A good friend of mine and a pretty good photographer had been working at the same camera store for 25 years, he shot weddings on the side, had all the best gear but was getting fed up with the direction the store was going,(started selling cell phones as a main) he figured he could do ok freelancing.  A year later he is supported 100% by his wife, doesn't know what direction to go. He doesn't regret quitting, but he has replaced one stress with another one.  Leaving full time jobs these days without having a solid plan. Huge mistake.


----------



## Life (Jan 19, 2015)

First answers first. Yes I do make some money off of photography. A few local jobs here and there.
I have been learning and learning and learning. Course after course, class after class, book after book  It's getting expensive 
I shoot a Nikon D7100, with a Nikon 18-70 ( my portait lens ) and also a Nikon 80-200mm f2.8 ( certain portaits ). I have a small studio setup, 2 flashes. 2 stands, 4 umbrellas, a couple backdrops, diffusers, gels, stands etc.

And no thanks, I don't plan to keep on cooking... 

It's not min wage either whoever said that .

There is a lot of very good points here and advice thank you!


----------



## tirediron (Jan 19, 2015)

runnah said:


> Stick with cooking. The earning potential is much higher than photography.


 The same can be said of pan-handling!


----------



## KmH (Jan 19, 2015)

Going Pro: How to Make the Leap from Aspiring to Professional Photographer
How to Start a Home-Based Photography Business (Home-Based Business Series)


> How could I take the leap, with not really any money, just experience.


Other people have done it having little money to start, but not very many.
Most of those that were successful usually had well developed business, marketing and salesmanship skills.

According to the Department of Labor, in the USA today the average gross income for retail photographers is about $32,000 a year.
In fact, most retail photographers in the US today earn an income below the poverty line and support their 'business' with other income from a 'day' job or a spouse.
Only 15% or so of professional photographers earn gross income at or above $50,000 a year.

Out of gross income self-employed workers have to pay a variety of federal, state and local taxes.
For instance - your employer deducts FICA taxes from your paycheck.. The amount you see on your pay check stub is 1/2 what is paid. Your employer is required by law to pay the other half. _When you become self employed you will have to pay it all_. Being self employed your state will likely require you to pay unemployment insurance taxes - that are currently paid in total by your employer.

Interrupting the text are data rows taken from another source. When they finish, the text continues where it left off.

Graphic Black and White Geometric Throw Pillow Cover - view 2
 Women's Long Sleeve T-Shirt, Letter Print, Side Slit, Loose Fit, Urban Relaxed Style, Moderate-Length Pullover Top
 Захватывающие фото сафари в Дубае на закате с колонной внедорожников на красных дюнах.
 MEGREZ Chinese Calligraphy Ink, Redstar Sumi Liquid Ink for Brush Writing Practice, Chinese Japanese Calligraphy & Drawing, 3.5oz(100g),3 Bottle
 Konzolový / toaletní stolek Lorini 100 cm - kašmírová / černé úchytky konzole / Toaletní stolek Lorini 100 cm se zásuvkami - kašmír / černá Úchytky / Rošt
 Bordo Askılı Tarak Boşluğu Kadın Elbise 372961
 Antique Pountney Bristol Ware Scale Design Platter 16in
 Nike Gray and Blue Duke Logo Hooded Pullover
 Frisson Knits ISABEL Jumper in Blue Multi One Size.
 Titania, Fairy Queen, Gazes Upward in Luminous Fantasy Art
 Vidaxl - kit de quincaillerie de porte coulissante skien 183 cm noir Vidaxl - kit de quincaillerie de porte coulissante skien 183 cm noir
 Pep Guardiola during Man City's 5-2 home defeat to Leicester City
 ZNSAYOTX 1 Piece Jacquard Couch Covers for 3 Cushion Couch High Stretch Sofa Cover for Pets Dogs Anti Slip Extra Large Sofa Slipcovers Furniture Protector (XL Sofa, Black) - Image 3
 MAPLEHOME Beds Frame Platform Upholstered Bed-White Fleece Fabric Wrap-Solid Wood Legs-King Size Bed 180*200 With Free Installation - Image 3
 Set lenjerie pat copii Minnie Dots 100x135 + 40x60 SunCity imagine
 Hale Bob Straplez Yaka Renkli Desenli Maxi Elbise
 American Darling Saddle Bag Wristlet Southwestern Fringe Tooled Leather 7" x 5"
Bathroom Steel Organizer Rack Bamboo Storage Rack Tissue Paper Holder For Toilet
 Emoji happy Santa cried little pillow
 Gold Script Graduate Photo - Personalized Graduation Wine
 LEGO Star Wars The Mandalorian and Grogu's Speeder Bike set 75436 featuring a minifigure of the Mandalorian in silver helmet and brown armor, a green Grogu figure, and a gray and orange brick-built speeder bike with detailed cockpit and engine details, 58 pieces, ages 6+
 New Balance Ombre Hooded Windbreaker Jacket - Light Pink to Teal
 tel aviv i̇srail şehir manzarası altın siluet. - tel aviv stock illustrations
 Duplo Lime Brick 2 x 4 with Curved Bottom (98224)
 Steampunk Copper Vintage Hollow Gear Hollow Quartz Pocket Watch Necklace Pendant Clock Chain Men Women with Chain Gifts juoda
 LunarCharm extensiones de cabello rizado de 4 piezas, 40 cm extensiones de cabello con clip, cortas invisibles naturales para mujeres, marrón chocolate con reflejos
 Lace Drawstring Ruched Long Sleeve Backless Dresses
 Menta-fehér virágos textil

The point being that after taxes and based on a gross income of $32,000 a year something like $8000 of your income (25% or more) will go to taxes leaving you about $24,000.
If your business is not profitable you will have to support yourself, your woman, and your business with that $24,000 until your business starts turning a profit.

Lets go back to that $32,000 in gross income, because we can use that number to calculate how much revenue your business will need to do.
First - Your income (salary) from a photography business is part of your cost-of-doing-business. Your income is not profit.
So lets assume your photography and products are priced so that 20% of the revenue your photography generates is income.
The math is simple - $32,000 / 20% = $160,000 per year in gross revenue your new business needs to generate to provide you with gross income of $32,000.
If your business skills aren't all that good maybe your business only generates income at the rate of 15% instead of 20%
$32,000 / 15% = $213,333 in gross revenue needed to generate the same $32,000 in income.
If you only generate $160,000 in gross revenue and income is 15% of that revenue your income goes down to $24,000 a year, and that is gross income, not take home pay.


----------



## Tabe (Jan 19, 2015)

Life said:


> It's not min wage either whoever said that .



Uh... you did:



Life said:


> Right now, I work a min wage job


----------



## Life (Jan 19, 2015)

XD. lol i'm so used to saying that. I got a raise not that long ago.


----------



## KmH (Jan 19, 2015)

Substantial raises are not very common, so would that mean your pay is now just slightly above minimum wage?


----------



## Life (Jan 19, 2015)

Unfortunately yes. $9... But it does make the paycheck that much higher. We are used to living with the bare minimum. But being able to make a little more money would certainly be great and that's what I'm trying to do. It seems my issue is the whole marketing thing right now. I have family who can help me greatly with the business side of things. I'll certainly read up on this books and links you are showing here. Thanks everyone


----------



## dennybeall (Jan 20, 2015)

Annual income for photographers is mentioned  in another post.
Anytime an annual earnings figure is published for a business that does not have significant inventory and is not tax deductible for the client you need to take that figure with a dash of doubt.
Having had three different businesses that met that criteria I can tell you the tax return does not accurately reflect annual earnings.


----------



## Microbois (Jan 22, 2015)

I don't mean to discourage you, but earning money from photography is very tough nowadays, especially if you're just starting off. Sure, there are some areas of photography that can pay better than others, but don't worry, the competition is already there chasing that very little money that can be made out of it.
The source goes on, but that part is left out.